* [What you will do] Reproduce the lines from the one holding "Memory Foam Cervical" to the end of the entries. Include both ends and change nothing.

*** Source material Section Begins ***

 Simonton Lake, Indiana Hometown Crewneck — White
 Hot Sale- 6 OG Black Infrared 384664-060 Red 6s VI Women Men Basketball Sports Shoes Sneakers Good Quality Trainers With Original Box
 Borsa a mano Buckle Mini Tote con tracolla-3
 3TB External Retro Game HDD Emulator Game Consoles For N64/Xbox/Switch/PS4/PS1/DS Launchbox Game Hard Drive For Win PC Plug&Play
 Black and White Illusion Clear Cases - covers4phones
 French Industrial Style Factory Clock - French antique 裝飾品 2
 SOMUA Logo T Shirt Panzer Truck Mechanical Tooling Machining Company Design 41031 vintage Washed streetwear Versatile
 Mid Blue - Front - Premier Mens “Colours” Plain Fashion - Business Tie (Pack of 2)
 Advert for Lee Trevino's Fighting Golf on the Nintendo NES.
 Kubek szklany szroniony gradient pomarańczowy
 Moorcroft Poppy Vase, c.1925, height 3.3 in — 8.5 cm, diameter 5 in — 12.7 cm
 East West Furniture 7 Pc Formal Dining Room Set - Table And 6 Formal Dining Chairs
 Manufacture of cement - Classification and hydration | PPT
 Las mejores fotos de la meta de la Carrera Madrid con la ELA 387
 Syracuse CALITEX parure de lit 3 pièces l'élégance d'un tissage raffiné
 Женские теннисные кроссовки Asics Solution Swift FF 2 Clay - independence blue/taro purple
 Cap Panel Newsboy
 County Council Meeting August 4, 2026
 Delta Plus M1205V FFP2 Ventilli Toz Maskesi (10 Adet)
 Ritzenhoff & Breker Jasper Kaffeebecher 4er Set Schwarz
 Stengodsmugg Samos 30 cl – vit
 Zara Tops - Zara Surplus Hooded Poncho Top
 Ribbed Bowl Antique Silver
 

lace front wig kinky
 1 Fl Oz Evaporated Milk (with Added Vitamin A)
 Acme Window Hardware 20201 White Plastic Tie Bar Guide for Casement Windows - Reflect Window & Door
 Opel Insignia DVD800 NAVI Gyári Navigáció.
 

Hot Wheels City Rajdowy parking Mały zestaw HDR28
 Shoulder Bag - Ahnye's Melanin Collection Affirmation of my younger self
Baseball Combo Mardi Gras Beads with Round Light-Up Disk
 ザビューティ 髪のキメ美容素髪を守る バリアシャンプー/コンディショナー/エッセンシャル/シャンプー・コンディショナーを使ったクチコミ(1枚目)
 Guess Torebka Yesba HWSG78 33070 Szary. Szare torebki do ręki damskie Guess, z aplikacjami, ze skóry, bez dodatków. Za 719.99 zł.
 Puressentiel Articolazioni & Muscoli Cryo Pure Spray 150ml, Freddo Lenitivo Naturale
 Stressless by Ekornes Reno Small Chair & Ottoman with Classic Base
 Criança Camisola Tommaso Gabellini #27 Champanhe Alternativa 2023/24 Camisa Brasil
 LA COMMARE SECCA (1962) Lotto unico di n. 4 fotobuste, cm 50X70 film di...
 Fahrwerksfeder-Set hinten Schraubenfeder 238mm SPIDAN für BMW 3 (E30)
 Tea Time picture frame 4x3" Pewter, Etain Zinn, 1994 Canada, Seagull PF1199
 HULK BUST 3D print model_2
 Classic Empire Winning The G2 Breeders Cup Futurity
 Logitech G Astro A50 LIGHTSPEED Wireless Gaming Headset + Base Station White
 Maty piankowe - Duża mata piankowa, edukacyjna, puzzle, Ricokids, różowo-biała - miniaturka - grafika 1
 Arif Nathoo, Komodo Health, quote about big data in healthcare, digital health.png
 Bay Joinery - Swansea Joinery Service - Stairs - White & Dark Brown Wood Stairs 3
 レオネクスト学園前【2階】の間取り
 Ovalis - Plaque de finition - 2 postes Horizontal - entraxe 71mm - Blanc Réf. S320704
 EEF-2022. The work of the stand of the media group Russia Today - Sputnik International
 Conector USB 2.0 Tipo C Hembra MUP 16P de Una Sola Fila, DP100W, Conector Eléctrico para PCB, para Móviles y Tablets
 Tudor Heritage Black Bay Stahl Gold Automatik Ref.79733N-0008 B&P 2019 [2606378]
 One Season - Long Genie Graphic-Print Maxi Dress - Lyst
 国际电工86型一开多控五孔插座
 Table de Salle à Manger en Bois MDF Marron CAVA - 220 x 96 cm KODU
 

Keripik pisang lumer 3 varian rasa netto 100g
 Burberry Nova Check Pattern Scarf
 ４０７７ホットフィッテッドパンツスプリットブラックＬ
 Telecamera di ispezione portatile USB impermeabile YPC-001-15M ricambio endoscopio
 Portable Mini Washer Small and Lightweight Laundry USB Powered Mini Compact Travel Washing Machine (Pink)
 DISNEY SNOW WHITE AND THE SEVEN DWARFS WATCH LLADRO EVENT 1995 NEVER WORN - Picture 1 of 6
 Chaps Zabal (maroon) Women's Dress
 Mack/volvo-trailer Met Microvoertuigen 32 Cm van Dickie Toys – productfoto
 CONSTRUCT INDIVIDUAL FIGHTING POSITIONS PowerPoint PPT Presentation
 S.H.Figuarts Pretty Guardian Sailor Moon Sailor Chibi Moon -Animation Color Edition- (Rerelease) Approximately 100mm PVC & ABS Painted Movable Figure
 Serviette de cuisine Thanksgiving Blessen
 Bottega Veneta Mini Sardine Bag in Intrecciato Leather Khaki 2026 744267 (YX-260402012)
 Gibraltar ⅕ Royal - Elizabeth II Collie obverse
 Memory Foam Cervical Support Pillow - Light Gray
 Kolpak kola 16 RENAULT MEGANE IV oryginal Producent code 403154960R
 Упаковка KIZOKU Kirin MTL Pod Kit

*** Source material Section Ends ***

* [Solution to this task]
 Memory Foam Cervical Support Pillow - Light Gray
 Kolpak kola 16 RENAULT MEGANE IV oryginal Producent code 403154960R
 Упаковка KIZOKU Kirin MTL Pod Kit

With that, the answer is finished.